[Exercise requirements] For this exercise, return all the data word for word, with images left out.

[Information shown]
Segment Open

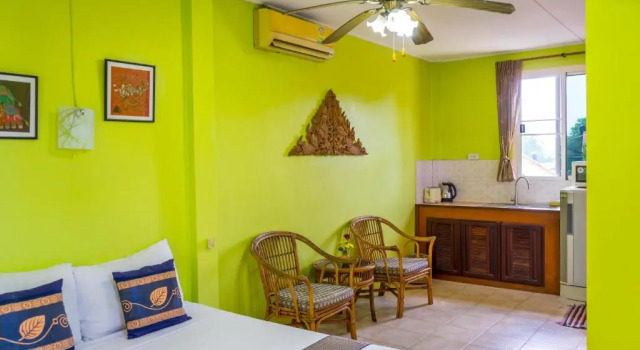 Студия с балконом Chez Charly Bungalow
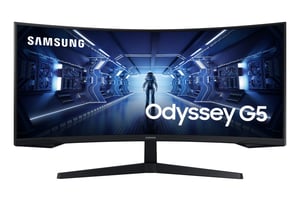 Samsung G55T monitor komputerowy 86,4 cm (34") 3440 x 1440 px UltraWide Quad HD LED Czarny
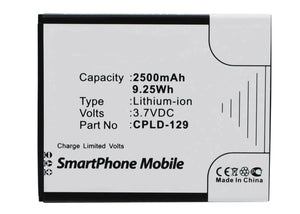 Batteries N Accessories BNA-WB-L3250 Cell Phone Battery - Li-Ion, 3.7V, 2500 mAh, Ultra High Capacity Battery - Replacement for Coolpad CPLD-129 Battery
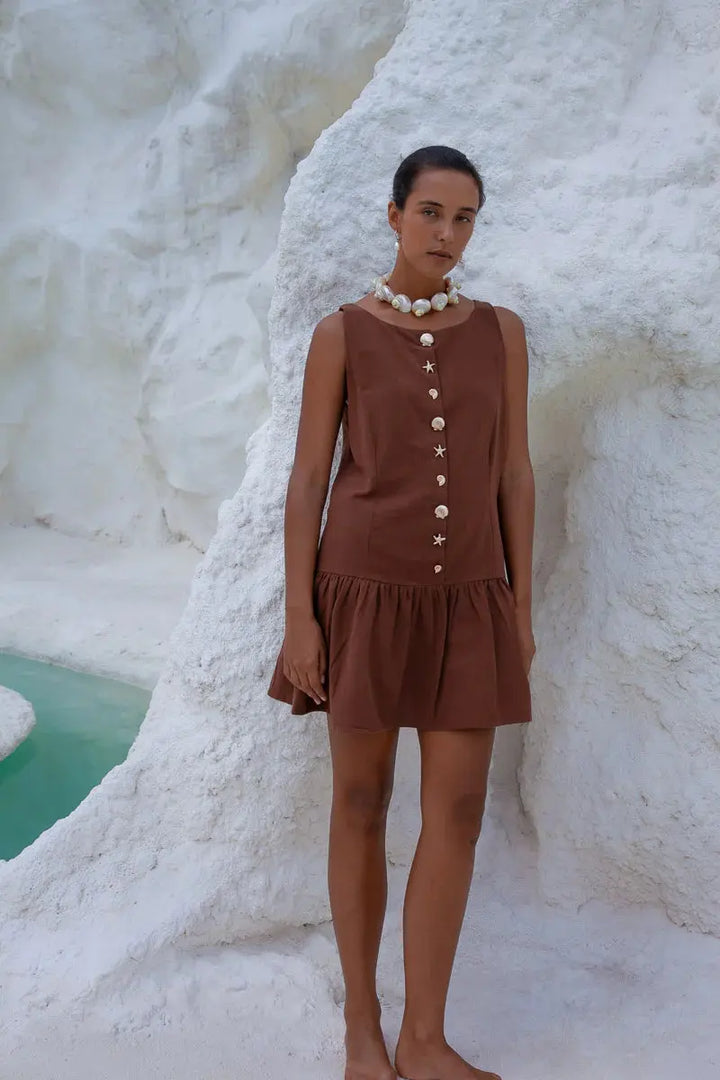 LILA DROP WAIST DRESS BeachLife Concept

Segment Closed

[Result for this task]
 Студия с балконом Chez Charly Bungalow
 Samsung G55T monitor komputerowy 86,4 cm (34") 3440 x 1440 px UltraWide Quad HD LED Czarny
 Batteries N Accessories BNA-WB-L3250 Cell Phone Battery - Li-Ion, 3.7V, 2500 mAh, Ultra High Capacity Battery - Replacement for Coolpad CPLD-129 Battery
 LILA DROP WAIST DRESS BeachLife Concept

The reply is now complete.